Part One: Carol Gilligan and relational moralities
Sometimes similar thoughts will lie around in your brain unconnected until a single word tugs them together and shows them to be parallel. A young friend who attends Gordon College nearby gave a brief definition of postmodernism on her way to making a related point about generational differences. Yes, I really am fortunate enough to have a community (see the third post down) where such things are likely to come up cross-generationally. She used the word relational to describe the outlook of the rising, postmodernist generation. I don’t recall if she specifically related that to ethics and morality, but that was certainly included in the sense of her comment.
The penny dropped for me this morning, when it occurred to me that this is parallel to Carol Gilligan’s argument that women’s morality is more relational than rule-based. For those who like the formal philosophical phrases, that would be the ethics of care, of morality measured by the effect on one’s circle of connection, versus the ethics of deontology, or duty. Dr. Gilligan’s published work in the 80’s claimed that women were more likely to make moral evaluations based on how their networks were effected, rather than applying inflexible rules. That was raised as a feminist standard, and later attacked by other feminists as a betrayal. Her research has also been called into question, as it has not been replicated and she will not disclose her original data. I offer no opinion on either of those controversies.

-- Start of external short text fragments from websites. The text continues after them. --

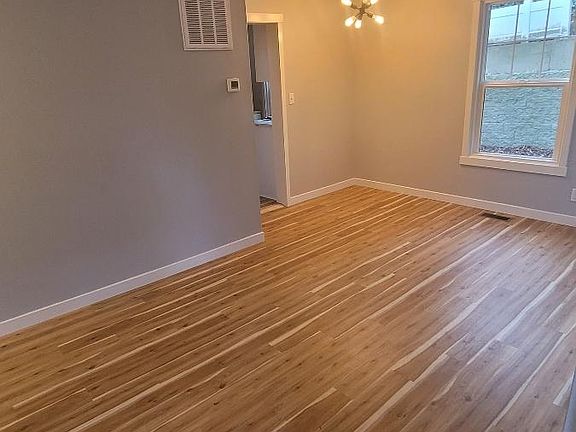 Living/dining area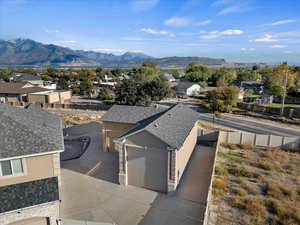 Aerial view with a mountain view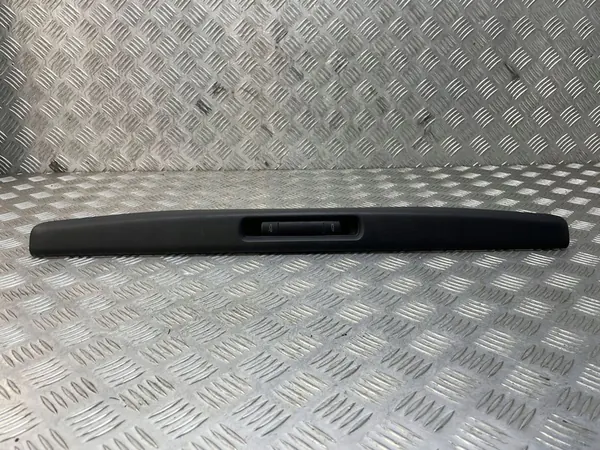 Porsche 911 997 Deurgreep Cover, OEM 99755101904 image 3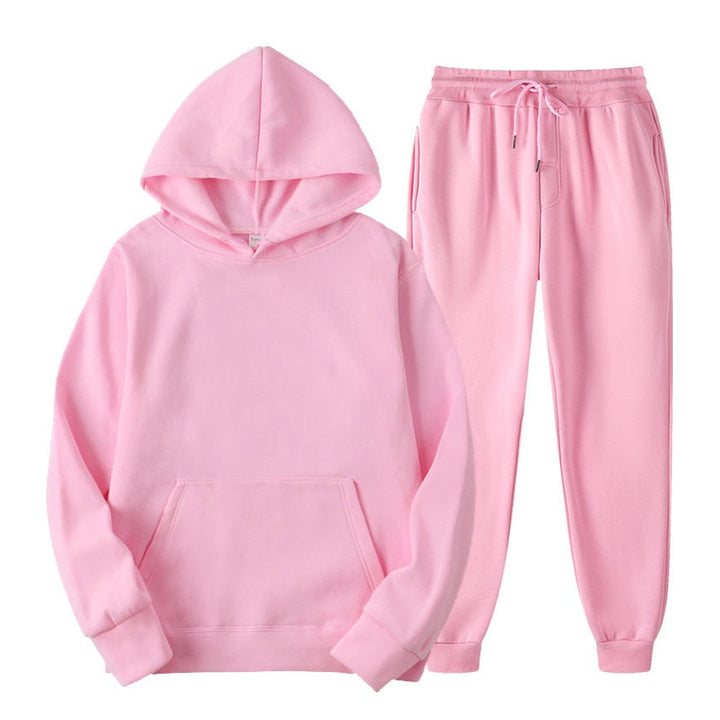 High-quality women's tracksuit, offering comfort, a relaxed fit, and contemporary style.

I did notice long ago that it seemed rather an evasion, and speculated unfairly what inflexible rules she wished women to be freed from. It was unfair and unkind, but I felt less bad about that when I found I had been dead on in my speculation. I had wondered if abortion and premarital sex were the unacknowledged main issues here, and my later reading confirmed that these examples came up disproportionately in ethics of care discussions. That is not a comment here on the rightness or wrongness of either, just a complaint: I wish people would be more honest with themselves before they start formulating grand moral theories when single issues are their real concern.

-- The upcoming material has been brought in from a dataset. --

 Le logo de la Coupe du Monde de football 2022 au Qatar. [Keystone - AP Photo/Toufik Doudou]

The Gilligan theory I had rejected long ago. When quiet, respectable Alabamans didn’t want civil rights for black people in the 50’s and 60’s because it would be disruptive to their communities and way of life we didn’t call that a postmodern morality or ethics of care, we called it for what it was: self-serving rationalization. Some critics of the war in Iraq accuse George Bush and the war supporters of merely caring about our people over their people, discounting any supposed principle behind our actions as a mere evasion. They do not say this approvingly, noting that it is a more postmodern, ethics of care, feminine morality; they condemn it as an abomination. And if it were true that there were no other principles behind our actions, simply a preference for our people over theirs, it would be abominable. Huh. Go figure. When the tables are turned, the “advanced” morality is revealed for what it always was: evasion.
The language of relational morality and disdain for inflexible rules is not the language of women, or postmoderns, or people born after a certain date, or emergents. It is the language of any of us when we are trying to avoid the issue. I recommend in this context the biography of the deconstructionist Paul De Man.